Work task: Please retype the data below exactly, stopping after the line with "If we're moving" and skipping every picture.

Given data:

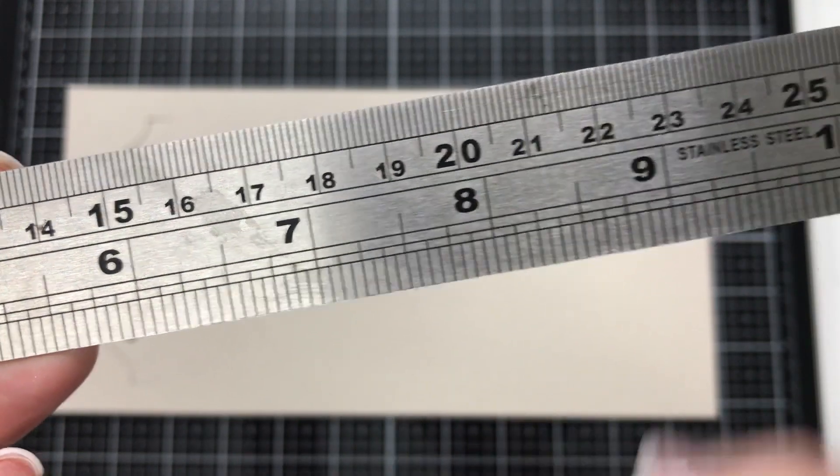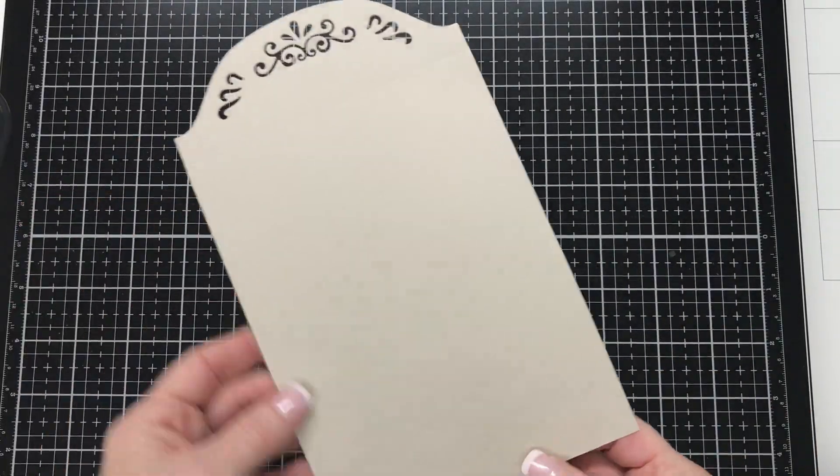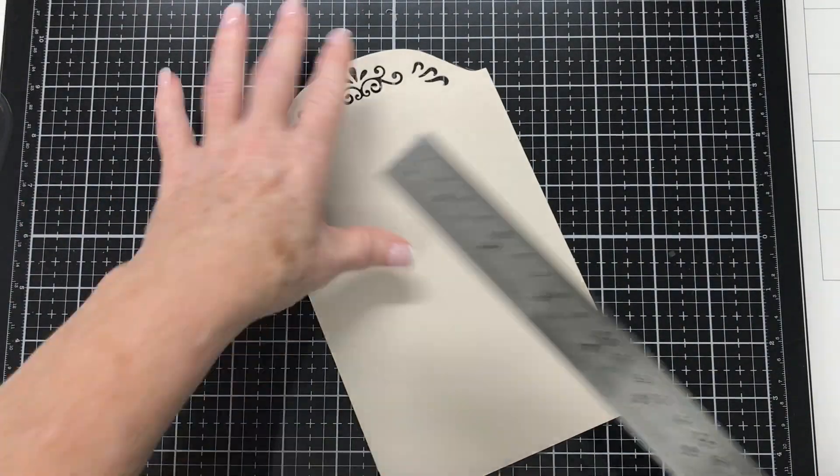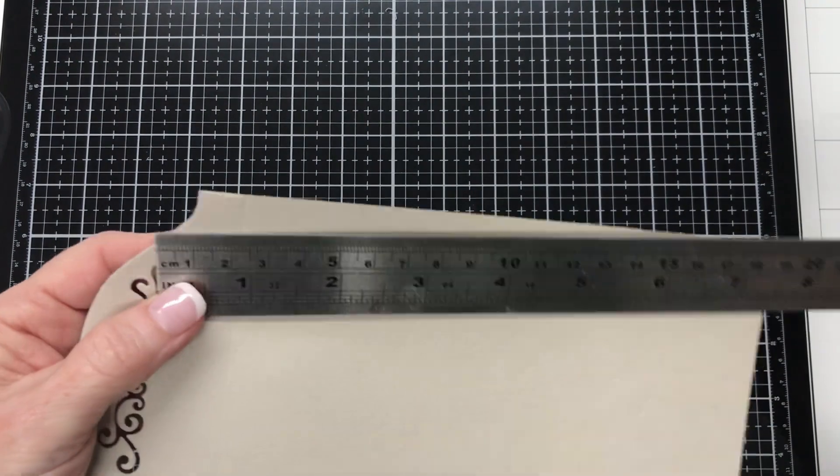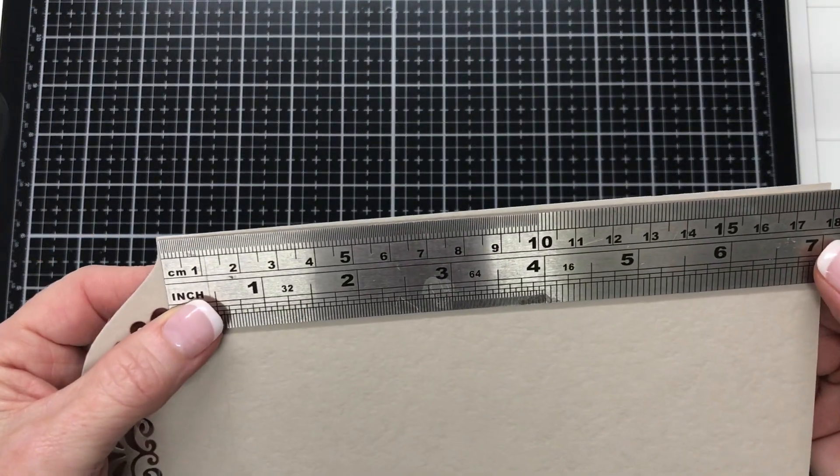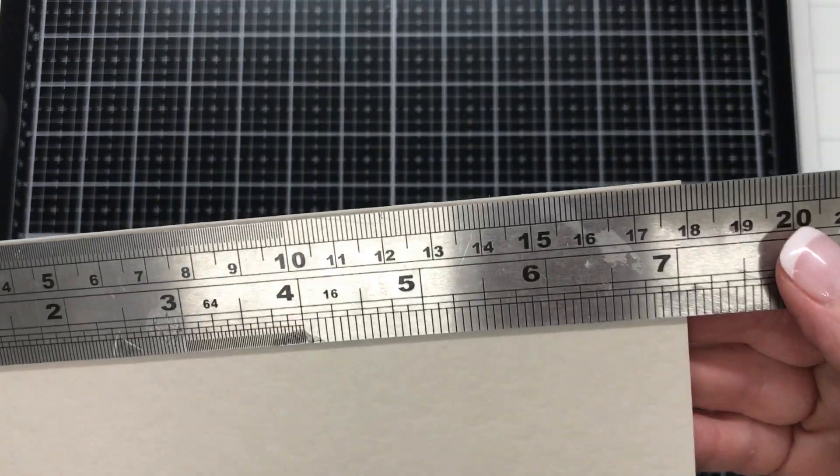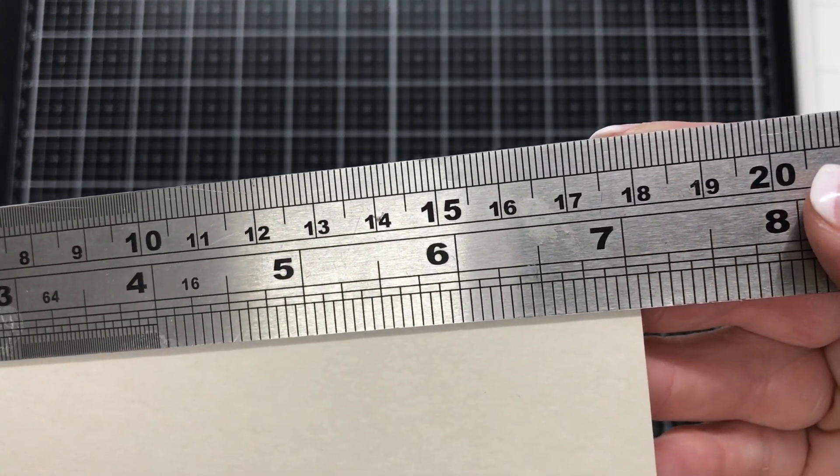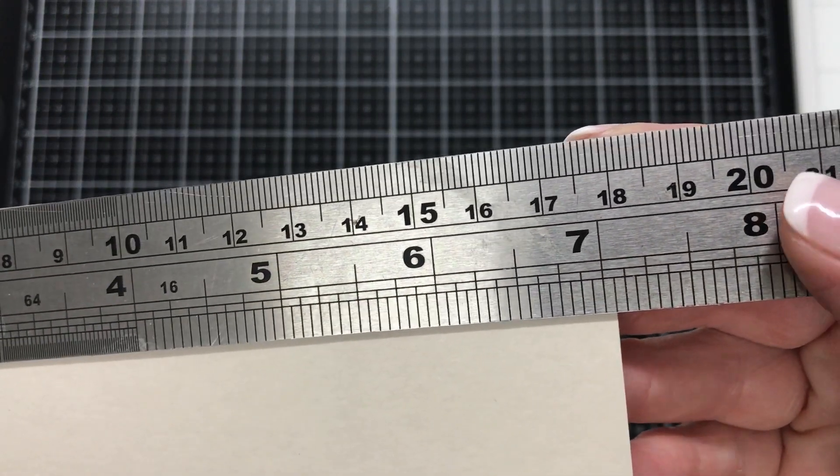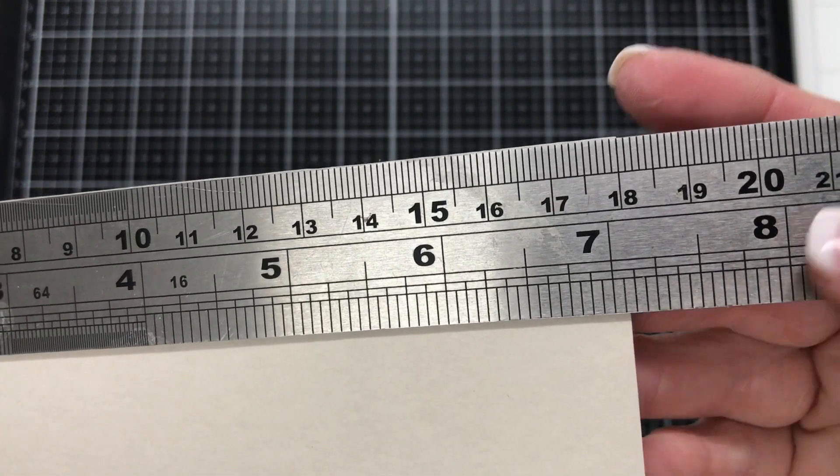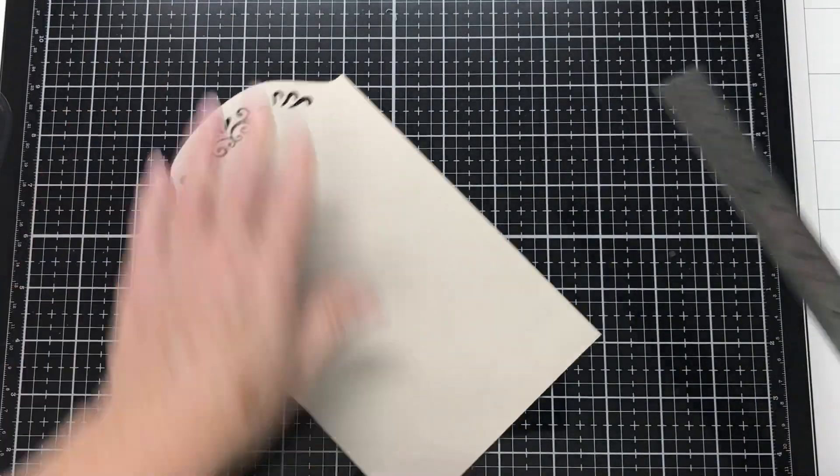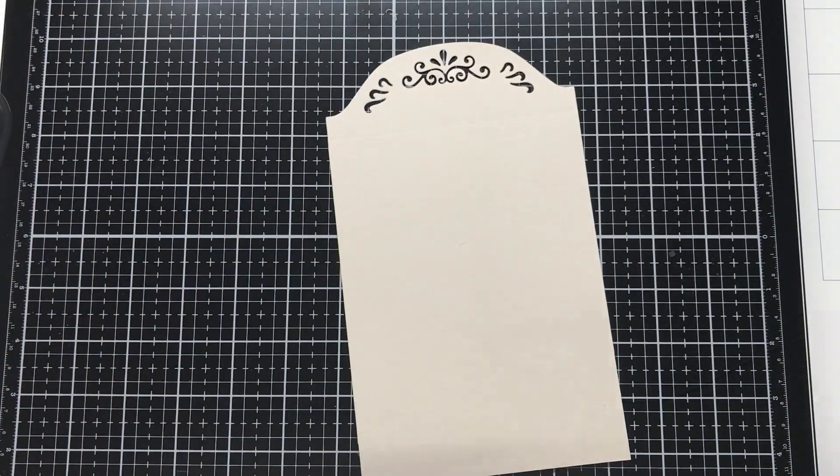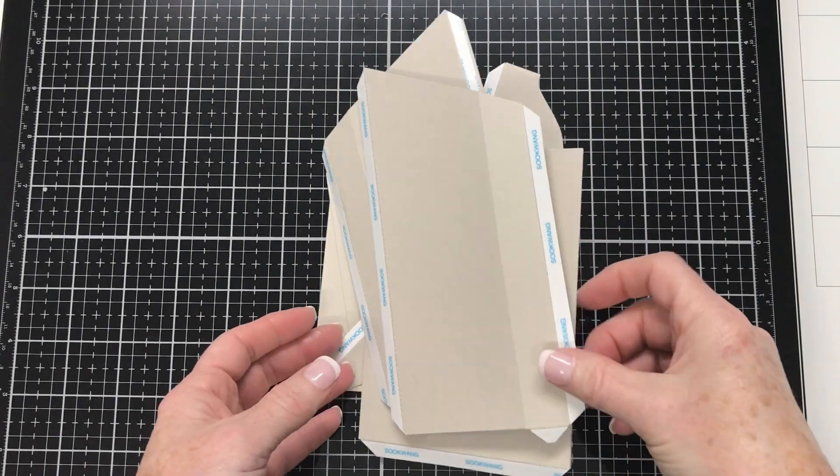So I'm going back to metric here. So I've got my piece here cut down to 18 centimeters and I think that's a nice size.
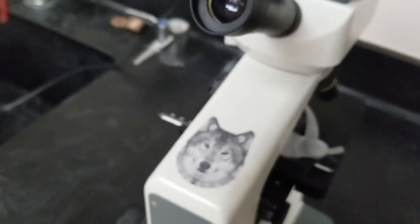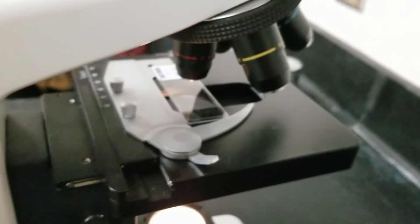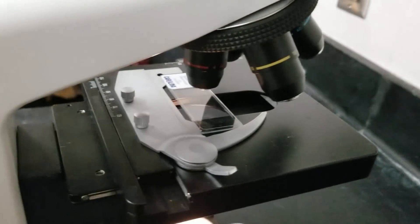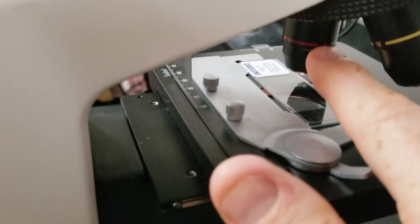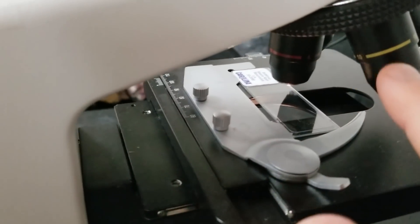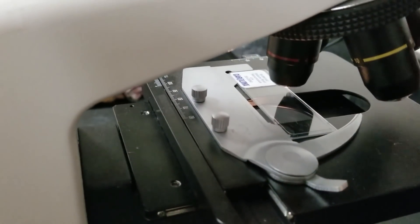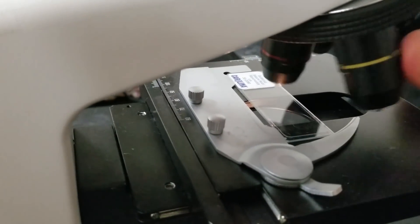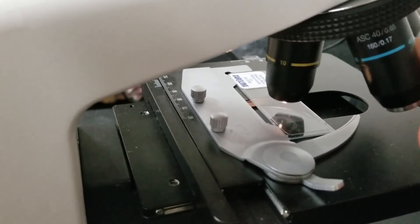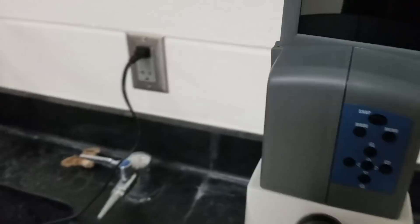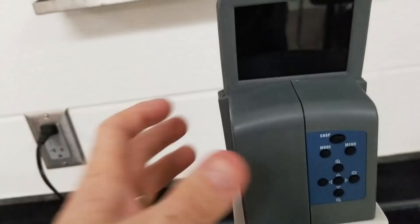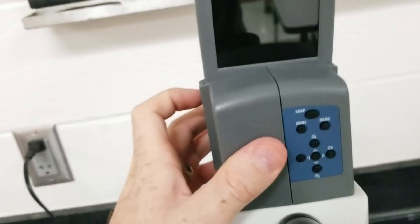If we're moving to a higher objective, for example, I'm going to go to the next one. That had 4X on that. That's 10X on this. I'm going to move and it will kind of click into place.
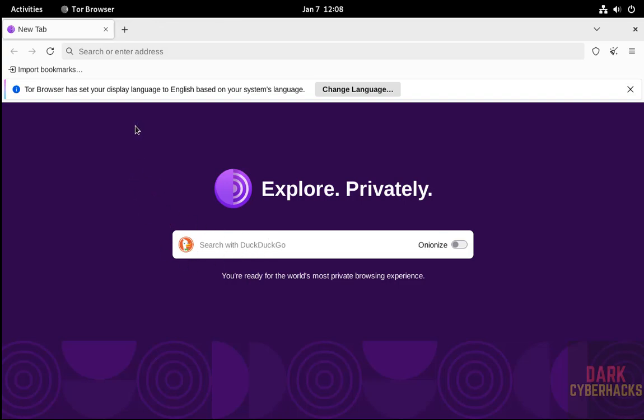So in this video we have successfully downloaded and set up the Tor browser on Debian operating systems. For more tutorials, please subscribe to my channel. Thank you.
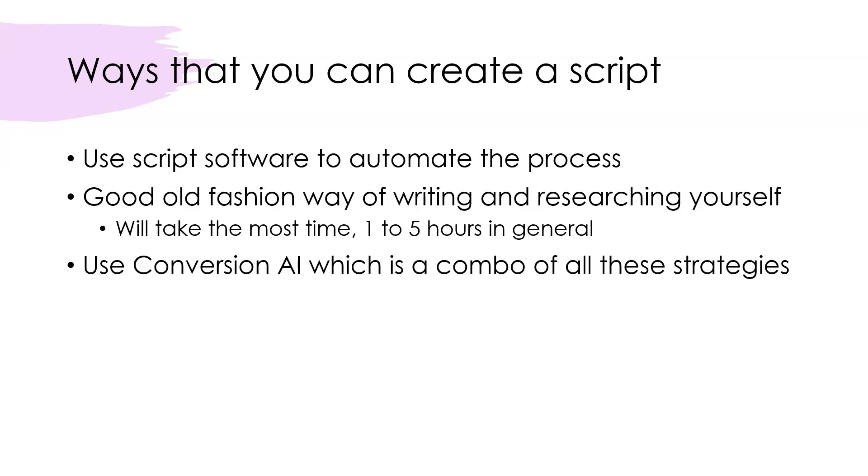You need a good 1,300-plus words in order to fill out that 10-minute video, speaking at a normal pace. Your script does need to be pretty big in order to make 10-minute videos. Of course, if you're making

Result of the task:
So I'm going back to metric here. So I've got my piece here cut down to 18 centimeters and I think that's a nice size.
If we're moving to a higher objective, for example, I'm going to go to the next one. That had 4X on that. That's 10X on this. I'm going to move and it will kind of click into place.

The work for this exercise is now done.